Clearly, Holt had no sympathy for the idea of a singular conditional salvation—that of accepting a certain creed or prophet—whereby upon accepting Him/Her/It (or “getting it right”), a follower is bestowed with unending paradise, and those who “get it wrong” are beset with everlasting physical and emotional pain. In Instead of Education he wrote, “There can never be reality of encounter, truthfulness, honesty,” wrote Holt, “when one person holds power over another.” Even when religions ostensibly offer young practitioners a choice as to whether to join or not, if a parent or someone acting in loco parentis holds implicit power over the child's soul, then there is no reality of encounter.

Empirical evidence—all that we see in the natural world—does not confirm this absolutist belief; few of our human errors, if any, are 100% mind-bogglingly terrible, and none of our beliefs or actions makes us 100% worthy or unworthy individuals. Even for the worst human mistakes that we can see, we also see an end to them and generally an opportunity for redemption. More often than not, we usually have a second chance (and third, fourth, fifth, etc.) to get things right. Citing Patrick Farenga again from the above-mentioned essay: “John did advise people in his talks and writing to try as much as possible, to think and expect the best of children and to give them second chances, indeed as many chances as you can; is this not scriptural?”

In What Do I Do Monday? Holt writes: “Such people slip easily into one of the popular religions of our time, various ways of worshiping power and violence and suffering. Some of these may even go under the name of Christianity. Just as a man may feel his love of God as an expression of his feeling that the world is full of people and places and experiences to be loved and trusted, he may equally well turn to a love of God out of a feeling that nothing else can be loved or trusted. ‘God is good’ can mean that many things are good, or on the other hand that nothing else is any good.
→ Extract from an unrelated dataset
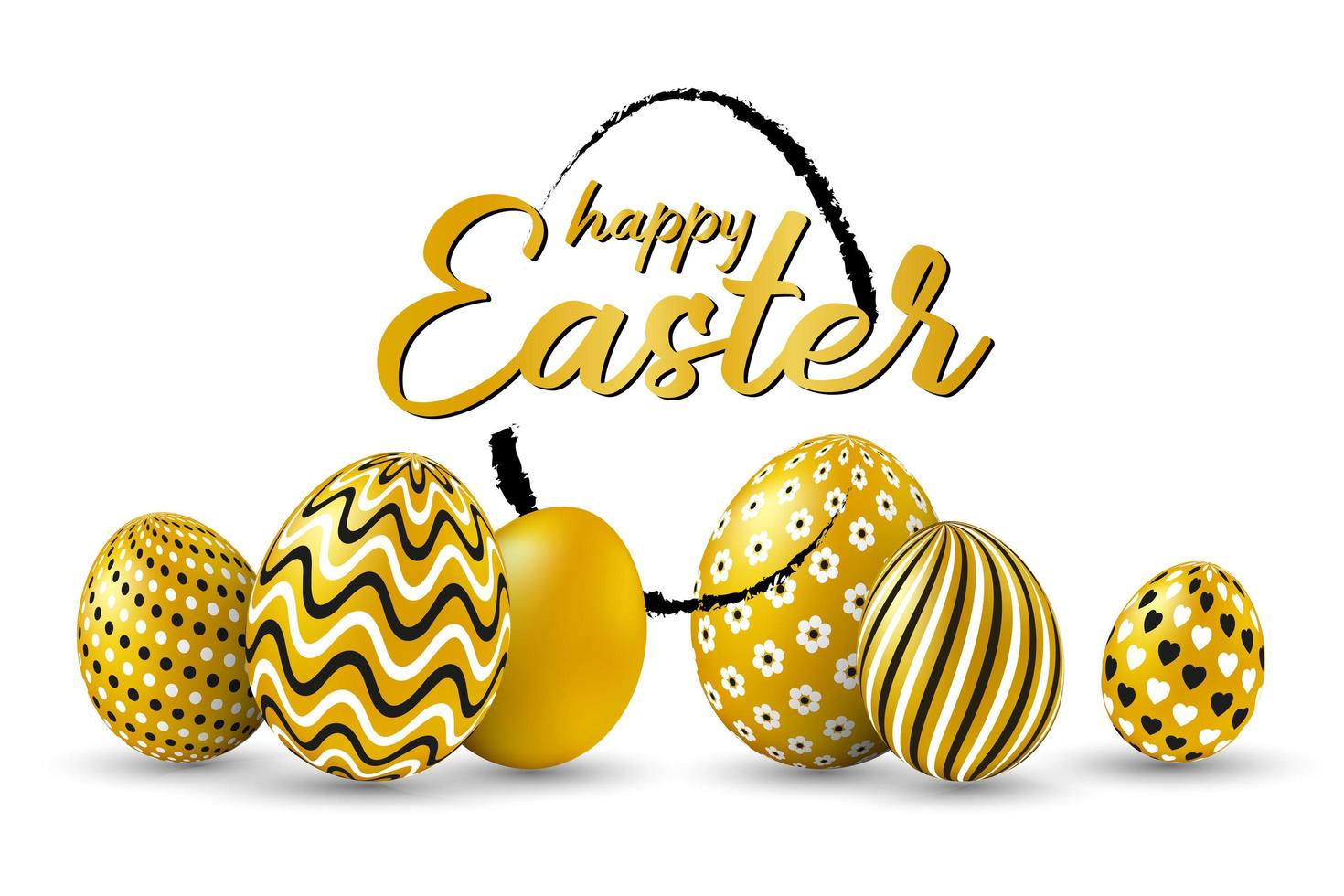 Happy easter card with text Happy easter with small decor of shape of egg on white background. Vector illustration greeting card, ad, promotion, poster, flyer, web-banner, article, social media.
A man may cling desperately to the belief that Jesus loves him because he is certain that nobody else does. Thus Christianity can all too easily, as I fear it has for many people in our country, turn into a religion of hate and despair.”

This is clearly not a condemnation of all religion, yet it accurately describes the sentiments which have been occurring even before preachers were burned at Henry VIII’s stake for contradicting an Article of Faith, and will likely continue to occur in religious expressions of an absolutist type. These sentiments exist in violent sects that use bombs and weapons to coerce, but—quite frankly—also exist in the neighborhood church that states that unless a person make such-and-such a statement of faith, all is lost.

Holt would have none of it.

It is true that the homeschooling movement has gained increasing legitimacy in the developed nations for the part of religious groups wishing to pull their children away from the public schools. And it is also true that now most parents do not cite religion as the primary motivation for deciding to teach their own. This latter fact is good news all around, even for religious unschoolers, assuming that their definition of unschooling corresponds to Farenga’s “allowing children as much freedom to explore the world as you can comfortably bear as their parent.”

I like that. And I like to believe that those people who were meaningful to me in my life when I was young would have been okay if I had explored any religion or philosophy of a non-fundamentalist type, even if it were on unfamiliar to them. Children will have contact with new religions and philosophies as they read, as they meet others in the community, or as they travel. The less their parents make absolutist requirements, the less likely the children will do the same.

I believe that this, respectfully, is a good thing. Likewise respectfully, let children come to religion, if they come to it at all. In a world where so many are bound in religious strife—either externally or internally—peace would come so much more readily.